Autant la série des otages peut-être et a été perçue comme le partage et le témoignage sincères d’une souffrance imaginée, puisque Fautrier ne l’a connue que rapportée et racontée, autant certains contemporains, dont des critiques d’art notoires tels Michel Ragon et par ailleurs André Malraux, ont exprimé des réserves quant à l’esthétisation et la mise en série effectuée par Fautrier. On peut argumenter ainsi : avec ces peintures, c’est le titre qui sert d’indice et nomme le thème. Il n’y a aucune description des scènes de torture comme pourraient en faire certaines figurations ou le cinéma, il n’y a aucune narrativité clinique et malsaine. Le rapport de la peinture avec le thème évoqué est ainsi très distendu et peut de ce fait sembler forcé : cette peinture existe par elle-même, en sa propre aventure, dialogue et combat entre le peintre et la matière, donc elle n’a pas de lien avec une réalité visible, donc le lien avec la torture pourrait n’être qu’arbitraire.
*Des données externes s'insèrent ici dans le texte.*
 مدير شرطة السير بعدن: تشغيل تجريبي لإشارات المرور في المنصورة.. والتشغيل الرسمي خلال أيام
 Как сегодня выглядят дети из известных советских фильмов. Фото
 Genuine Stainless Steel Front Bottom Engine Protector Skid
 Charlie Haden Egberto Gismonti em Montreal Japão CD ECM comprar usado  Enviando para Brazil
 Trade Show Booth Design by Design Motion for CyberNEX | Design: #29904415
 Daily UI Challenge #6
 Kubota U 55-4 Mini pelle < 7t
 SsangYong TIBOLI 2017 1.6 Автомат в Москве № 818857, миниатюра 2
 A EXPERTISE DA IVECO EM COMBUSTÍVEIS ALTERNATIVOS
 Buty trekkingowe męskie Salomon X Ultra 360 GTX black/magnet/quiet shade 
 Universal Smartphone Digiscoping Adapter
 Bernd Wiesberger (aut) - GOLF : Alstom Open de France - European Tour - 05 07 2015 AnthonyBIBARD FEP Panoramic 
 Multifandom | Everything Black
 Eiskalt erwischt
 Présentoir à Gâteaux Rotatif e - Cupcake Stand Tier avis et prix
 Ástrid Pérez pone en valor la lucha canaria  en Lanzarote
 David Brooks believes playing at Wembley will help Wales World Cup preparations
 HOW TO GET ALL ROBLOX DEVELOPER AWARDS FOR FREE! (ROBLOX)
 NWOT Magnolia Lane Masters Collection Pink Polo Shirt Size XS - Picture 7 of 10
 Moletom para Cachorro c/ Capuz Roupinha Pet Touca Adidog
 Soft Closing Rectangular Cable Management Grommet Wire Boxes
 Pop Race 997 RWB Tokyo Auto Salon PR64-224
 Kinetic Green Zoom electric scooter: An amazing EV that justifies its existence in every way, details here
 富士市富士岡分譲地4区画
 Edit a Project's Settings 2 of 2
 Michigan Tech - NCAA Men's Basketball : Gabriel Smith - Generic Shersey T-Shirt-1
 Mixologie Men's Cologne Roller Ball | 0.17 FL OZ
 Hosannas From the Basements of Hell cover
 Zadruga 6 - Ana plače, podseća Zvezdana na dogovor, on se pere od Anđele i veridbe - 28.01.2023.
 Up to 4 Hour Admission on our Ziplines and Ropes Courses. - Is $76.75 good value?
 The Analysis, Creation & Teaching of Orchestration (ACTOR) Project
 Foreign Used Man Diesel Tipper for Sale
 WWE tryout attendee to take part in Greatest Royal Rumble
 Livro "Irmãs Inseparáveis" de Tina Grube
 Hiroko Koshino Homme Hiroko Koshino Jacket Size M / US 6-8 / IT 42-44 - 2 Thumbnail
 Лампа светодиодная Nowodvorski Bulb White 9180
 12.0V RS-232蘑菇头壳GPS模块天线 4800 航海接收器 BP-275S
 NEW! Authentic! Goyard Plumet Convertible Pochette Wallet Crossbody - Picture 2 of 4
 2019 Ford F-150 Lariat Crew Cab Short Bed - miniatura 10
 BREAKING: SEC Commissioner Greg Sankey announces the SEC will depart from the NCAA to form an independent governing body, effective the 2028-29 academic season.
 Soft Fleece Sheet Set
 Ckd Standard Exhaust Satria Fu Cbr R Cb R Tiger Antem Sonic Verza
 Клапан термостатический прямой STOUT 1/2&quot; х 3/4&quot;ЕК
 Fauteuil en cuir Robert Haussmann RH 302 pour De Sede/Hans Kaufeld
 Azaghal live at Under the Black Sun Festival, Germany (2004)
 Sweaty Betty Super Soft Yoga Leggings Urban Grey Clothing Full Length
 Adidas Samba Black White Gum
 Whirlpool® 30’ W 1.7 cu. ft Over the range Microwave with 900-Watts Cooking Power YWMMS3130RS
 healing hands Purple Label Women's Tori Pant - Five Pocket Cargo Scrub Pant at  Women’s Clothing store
Le peintre nous dit qu’il a été bouleversé par ces tortures et on ne peut que le croire. Pour autant on pourrait dire, comme les critiques d’art ont pu le faire, que ces œuvres sont trop jolies et que ce joli est déplacé, ce qui signifierait dès lors dans la pensée de ces critiques d’art la présence d’une modalité de ce que peut et doit être la mémoire rendue à un martyr. Lors du vernissage de la première exposition de la série des otages, en 1945, celle-ci fit sensation, le sujet était encore d’actualité, les uns et les autres avaient pu connaître des otages.

Cependant, suivant le parcours induit par cette exposition, j’ai été fort déstabilisé par une série d’œuvres réalisées ultérieurement : Fautrier, vers le milieu des années cinquante reprend le principe même d’élaboration des tableaux de la série des otages, mêmes matières et teintes, et leur donne pour titres des morceaux de jazz. D’autre part, après le soulèvement des Hongrois, à Budapest, en 1956, contre l’occupant soviétique, il peint une série de toiles en hommage aux partisans. Dès lors, il est difficile de savoir que penser de cette série des Otages : opportunisme, sensiblerie, engagement qui n’en est pas un pour une cause, esthétisation de la souffrance et de l’horreur. Bref, reste un doute : peut-on rapporter l’horreur ?

 

Reste une œuvre, une peinture qui trouve sa place dans l’histoire.

 

Au-delà du débat définitivement non clos qui précède, reste la peinture de Fautrier. Une peinture de la Seconde Ecole de Paris qui réinvente la peinture, une peinture dès lors libre d’elle-même, au-delà de ce qui pouvait la prescrire. Une peinture où la procédure et les stratégies d’"advention" deviennent peu ou prou sujet, stratégies au cœur desquelles le pathos de l’artiste s’exprime en toute liberté, objet esthétique libéré de la contrainte de représentation du visible, une peinture et un art expérimentaux, un nouveau départ, une redéfinition du concept d’art.